As a 2002 graduate of Brimmer and May, I’m overjoyed to return in my new capacity as a history and journalism teacher.
In these hallways, I first learned to love writing, and also how to hone my craft. I fondly remember productive workshops with my then-AP English teacher, Mrs. Guild, about diction and sentence structure. Mr. Barker-Hook, whom I took Modern United States History with, taught me about concision and clarity, all to boost my analytical prowess.
But since earning my high school diploma, I’ve relied equally upon my theatrical training under Mr. Jacob. From him, I learned about effective public speaking—as well as how to present my ideas and myself. That training has played an enormous role not only in my successful (and growing) public-speaking appearances, but also in how I tackle making my writing relatable and interesting to readers.
Two years ago, I took advantage of those lessons when launching my own education site, Spin Education. The site quickly cemented my credibility, helping me break into writing for Edutopia, The Atlantic, and several publications run by the National Association of Independent Schools—including Independent Teacher Magazine and Independent School Magazine. Later this month, I also have a story appearing in the online version of The New York Times, a piece I wrote with a former student.

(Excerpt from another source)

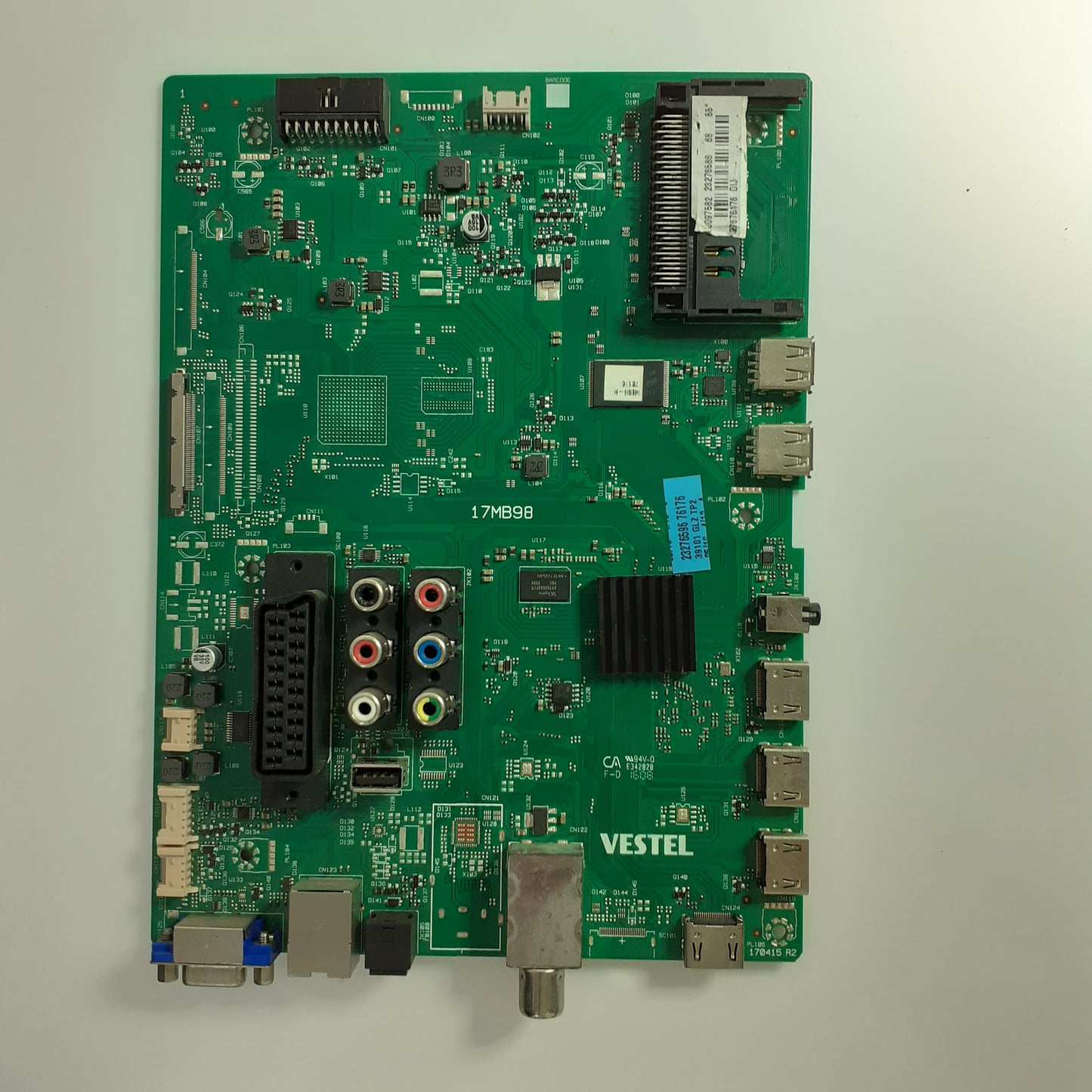 CARTE PRINCIPALE VESTEL 23276588 23276596 pour télé VESTEL PANASONIC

To promote my views on self-directed learning, last year I spoke at SXSWedu, one of the world’s largest and hippest education conferences, as well as at the Annual NAIS Conference.
My reporting on comics in the classroom led me to present at the world-famous San Diego Comic Con, and now I’m working with top industry talent to promote education and literacy. I’ve also been invited to speak at several think tanks and workshops.

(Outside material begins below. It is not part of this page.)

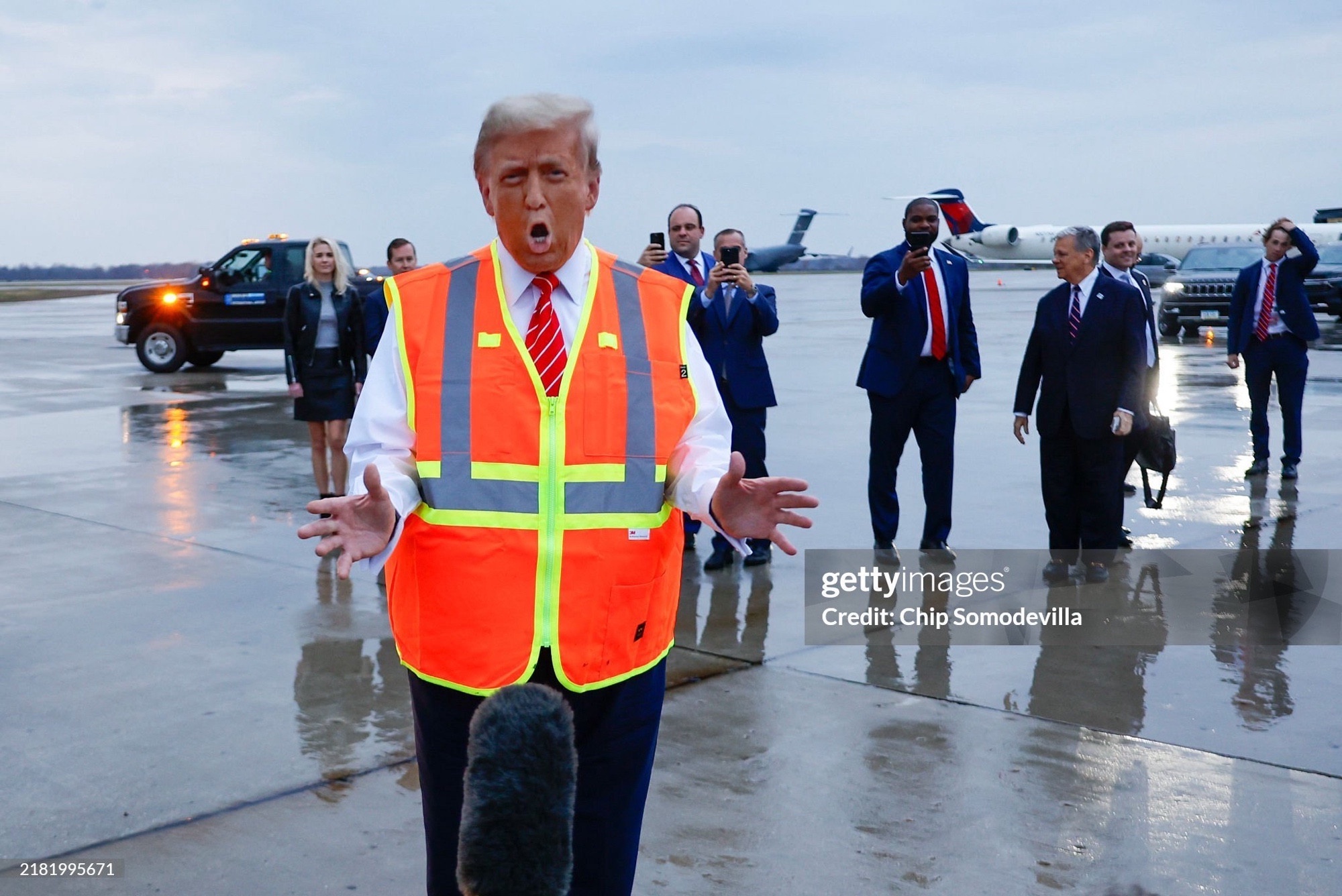 Is This Really Your King? Clown Makeup Edition!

In large part, I’ve achieved all of this—and in a relatively short amount of time—thanks to my high school teachers. Now, as we venture farther into the 21st century, where digital communication is proving ever more important, I’m honored to share my knowledge with current students. The Gator will teach students not only how to write well, but it will also teach them how to use real-world tools to amplify their voices in a clear, passionate, and captivating manner.
Brimmer and May students have worthwhile, valuable, and change-making ideas—and the world should hear them. As they make their voices heard, it’s my sincere hope that students will quickly find their own successes and make their own connections.
As Spin Education did for me, The Gator will allow students to build their own online credibility, while establishing for them a positive digital footprint. After all, if students don’t take charge of their online presence, somebody else will.